Goodhue County Board denies new regs. on wind energy
RED WING - Goodhue County Board denied a request Tuesday from two residents seeking new, tougher regulations on wind energy developments and a one-year moratorium.
While county officials didn't embrace the proposal, they said it raised concerns about wind farms and the county's existing regulations.
To that end, the board authorized planning officials to begin developing new regulations for wind farms - reaffirming the recommendation the county's Planning Advisory Commission made two weeks ago.
"You always hope for something different. But it's not like we expected (the board) to step up," said Paul Reese after the meeting. He and Steve Groth proposed the moratorium and stiffer regulations.
The two are members of Goodhue Wind Truth, a citizen group critical of wind farms being proposed.
The board's unanimous decision Tuesday is the latest development in an ongoing debate over wind energy, which has pitted wind companies and property owners willing to lease them land against skeptical neighbors who claim large wind farms will pose public health risks and lower the local standard of living.
In arguing against a moratorium, Commissioner Dan Rechtzigel reasoned it would only delay tough decisions that should be taken up immediately.
County officials also wondered whether a moratorium or new regulations would have teeth, given that the Minnesota Public Utilities Commission has final regulatory authority over large wind farms.
While PUC would have to consider the county's laws, it could overrule them if it saw public benefit in doing so.
If that happened, county officials have said they would not be inclined to challenge the PUC. But they fear a citizen could try to bring a legal challenge because the county would not be enforcing its own law.
"We can't be putting in place something we don't intend to enforce," Board Chair Jim Bryant said.
County officials are, however, moving forward with developing new regulations. A planning advisory subcommittee on wind will begin meeting next week. Its first task will be to address the key issues and come up with some recommendations by June so the board can submit its comment to the PUC.
Setbacks will likely remain a contentious issue at the forefront of the debate.
"If we're going to have wind farms in our county, what are the setbacks going to be? That's the question," Commissioner Richard Samuelson of Cannon Falls said.
Groth and Reese's proposed ordinance would have increased the requirement for setbacks between wind turbines and non-participating dwellings to six-tenths of a mile.

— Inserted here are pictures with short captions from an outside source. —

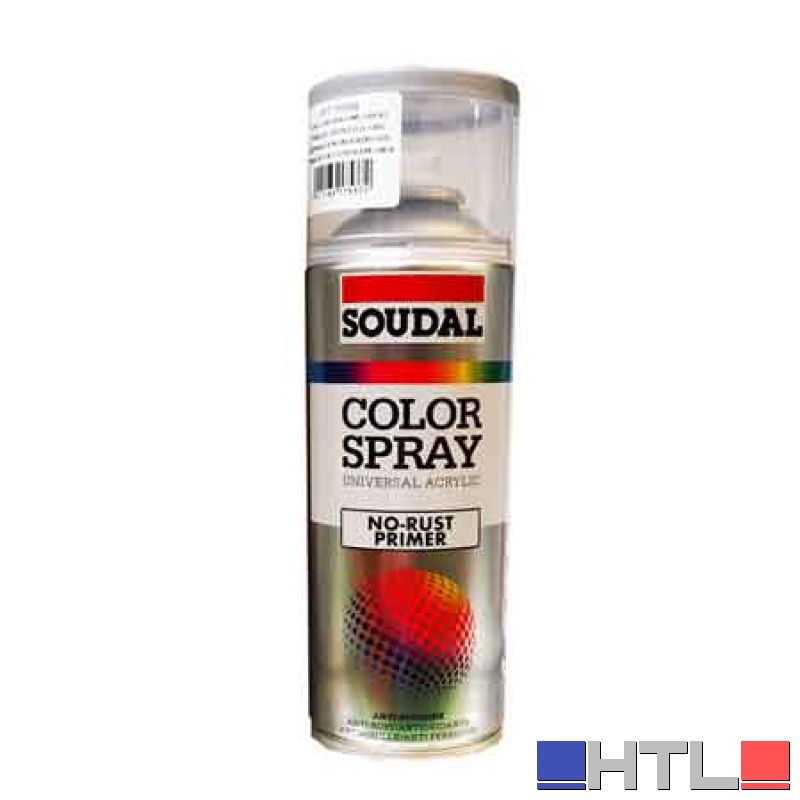 BOMBOLETTA ANTIRUGGINE SOUDAL 400 ml - Rossa (Confezione da 6 pezzi)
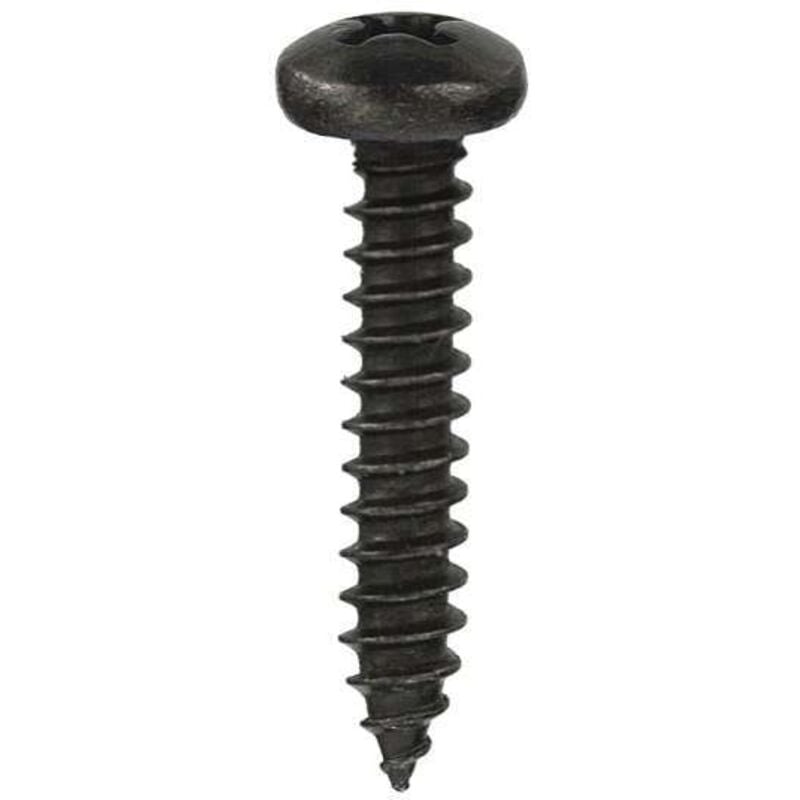 foto del prodotto madidef connex viti autofilettanti nere testa cilindrica 18 pz. 4,8 x 25 mm.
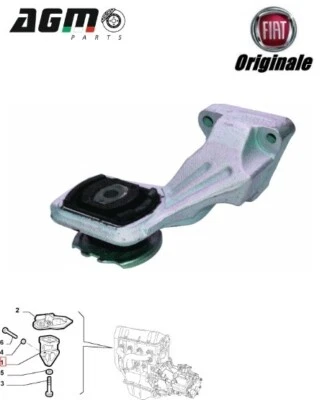 SOSTEGNO SUPPORTO MONTAGGIO MOTORE ANTERIORE DX ORIGINALE FIAT SEICENTO 46743191 - Immagine 1 di 4
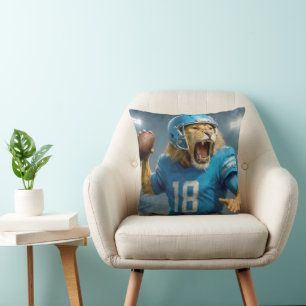 Coussin Joueur de football Lion du quart 18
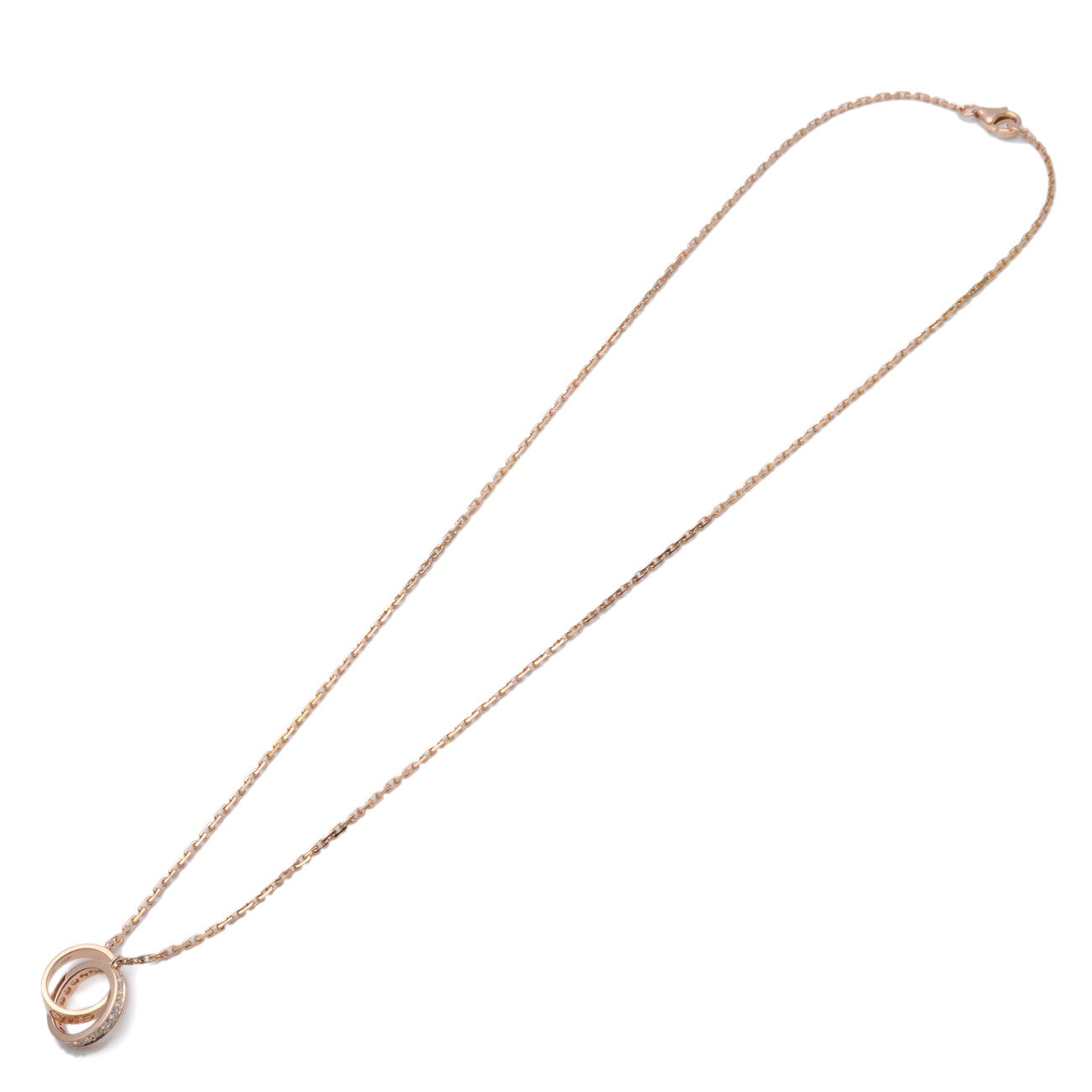 Cartier Baby Love Diamond Necklace K18PG 750PG Rose Gold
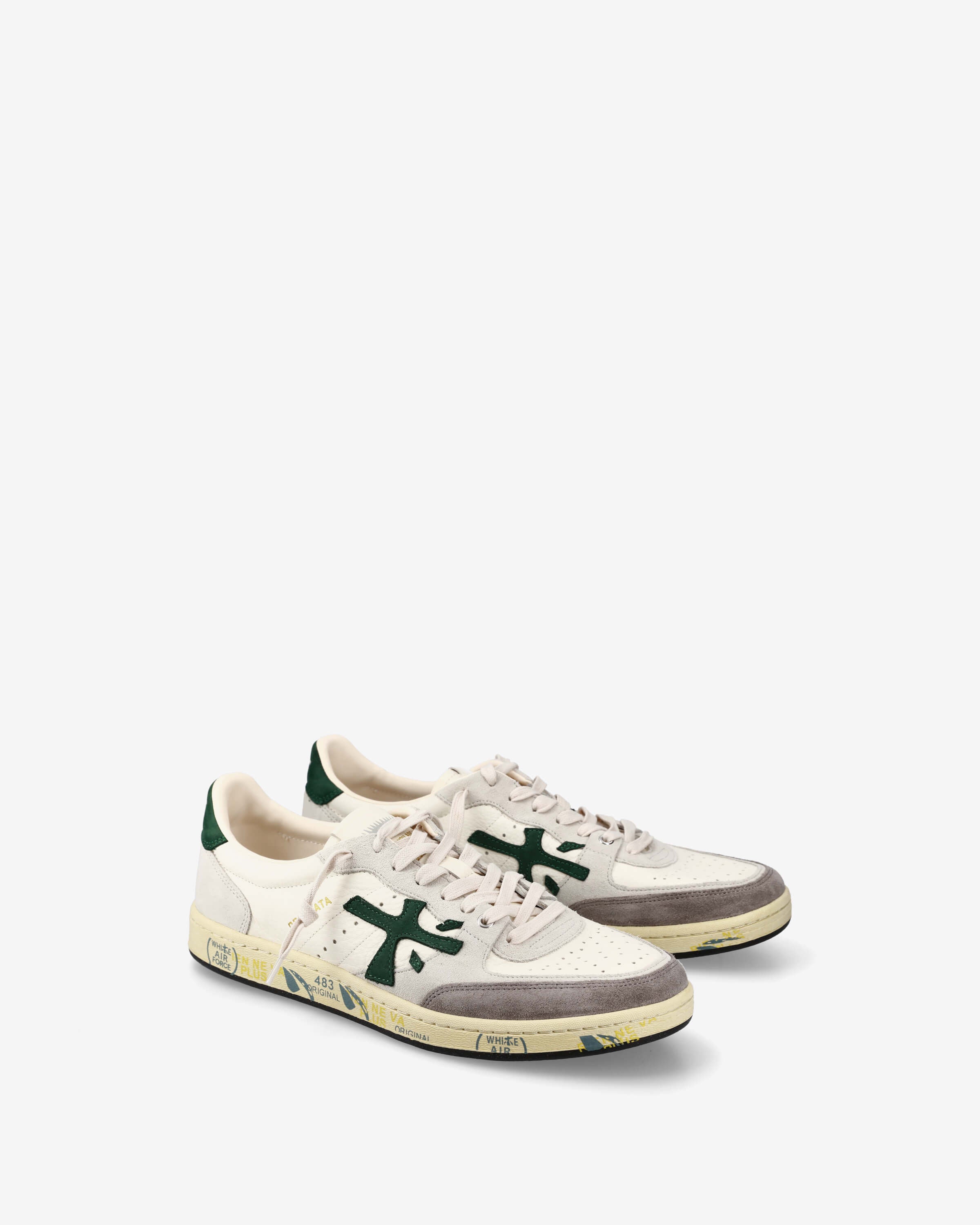 Basket Clay Sneakers – Unisex Leather and Suede Style – Premiata.us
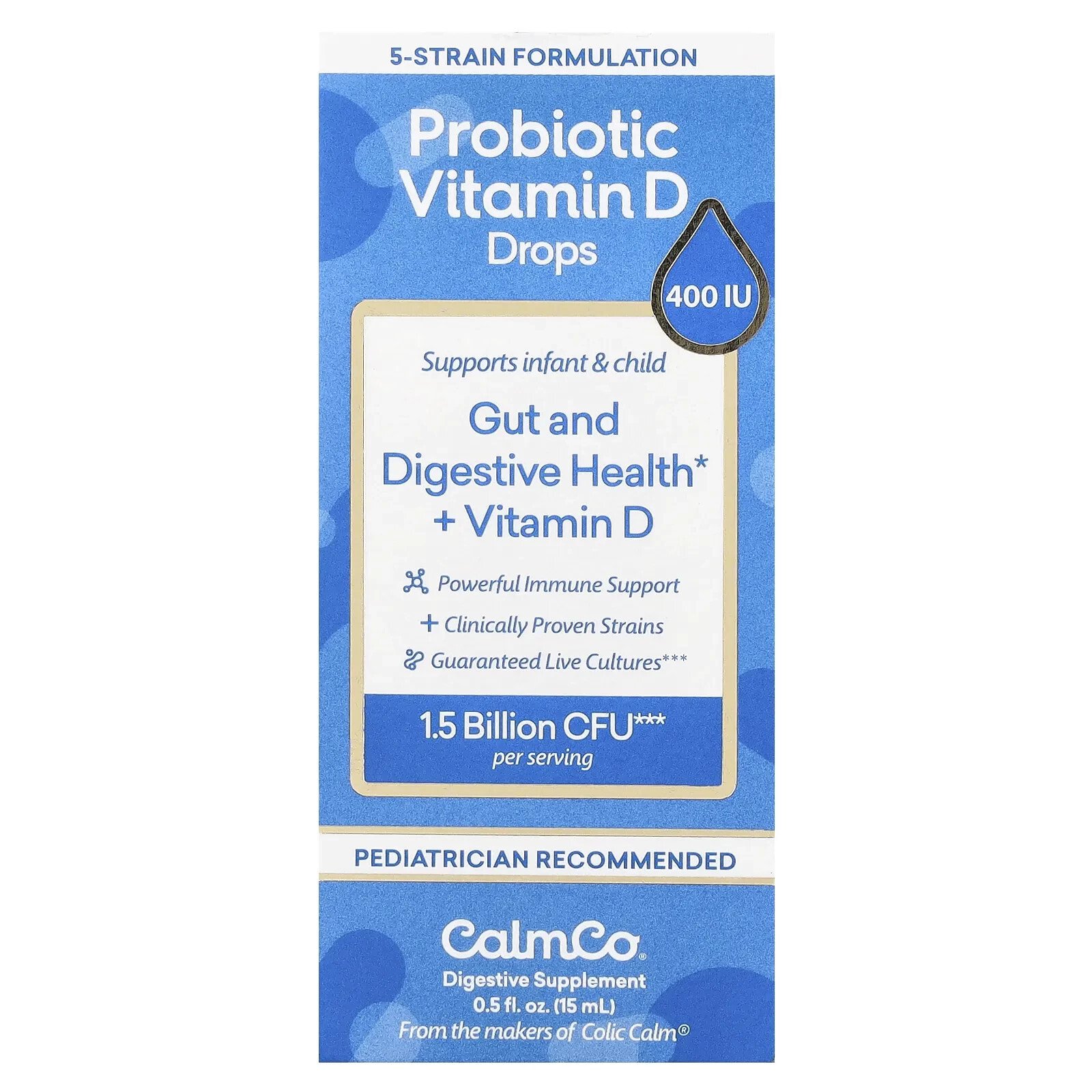 Probiotic Vitamin D Drops, 0.5 fl oz (15 ml)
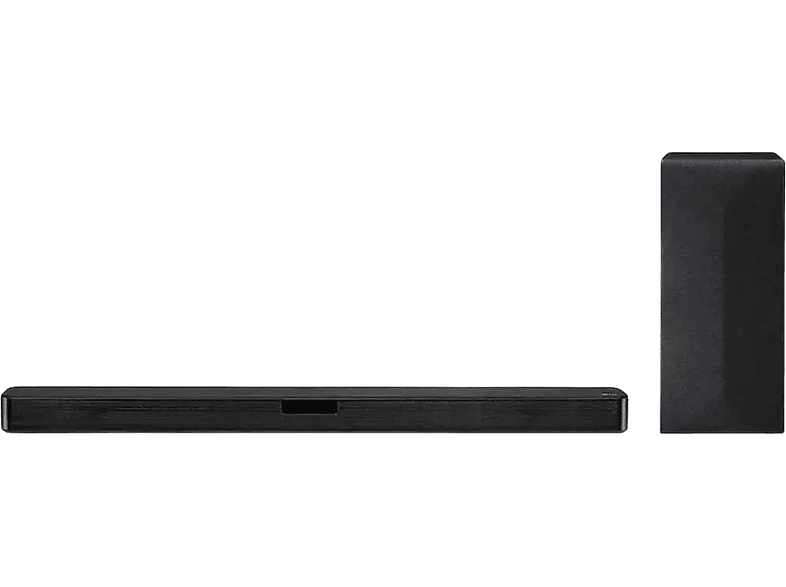 LG SN4. Barra de sonido DTS Virtual X, 300W de potencia, subwoofer  inalámbrico y Bluetooth.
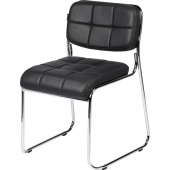 Стул офисный Easy Chair 803VP чёрный (экокожа, металл хромированный)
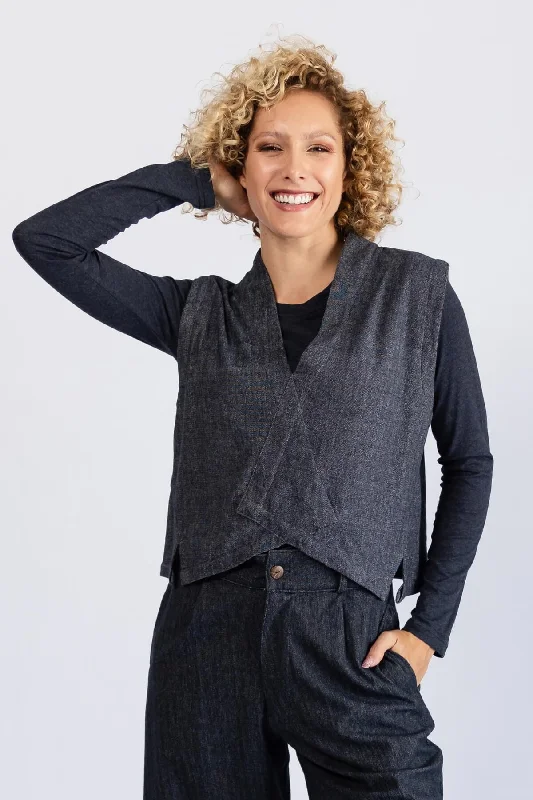Ayumi Vest - Denim Scandinavian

Setbacks that large would greatly alter and possibly kill the projects being proposed in Goodhue County, according wind company and county officials.
Groth said that shouldn't concern the board, but rather commissioners should be concerned with determining what is a safe distance
Debate far from finished
Tuesday's meeting lasted over four hours, but deliberation among commissioners was relatively brief. Most of the meeting time involved a public hearing.
Some 25 residents spoke, most of them concerned about the wind development proposal.
People from both sides of the issue have said it has strained relationships in their rural communities.
Critics delved into a number of specific concerns regarding wind farms - such as flicker, ice throws, stray voltage, the environment - concluding turbines would be detrimental to the public's health and would strip Goodhue County of its rural beauty.
Their arguments were made up of half-truths and are poorly informed, according to Ben Kerl, a senior wind developer with National Wind, who commented after the meeting. National Wind is the parent company of AWA Goodhue, which is proposing a large wind development near Goodhue.
"The opposition's comments reflect an overreaching desire to eliminate all wind energy development in Goodhue County. They're really trying to turn any piece of information into an argument against wind energy," Kerl said.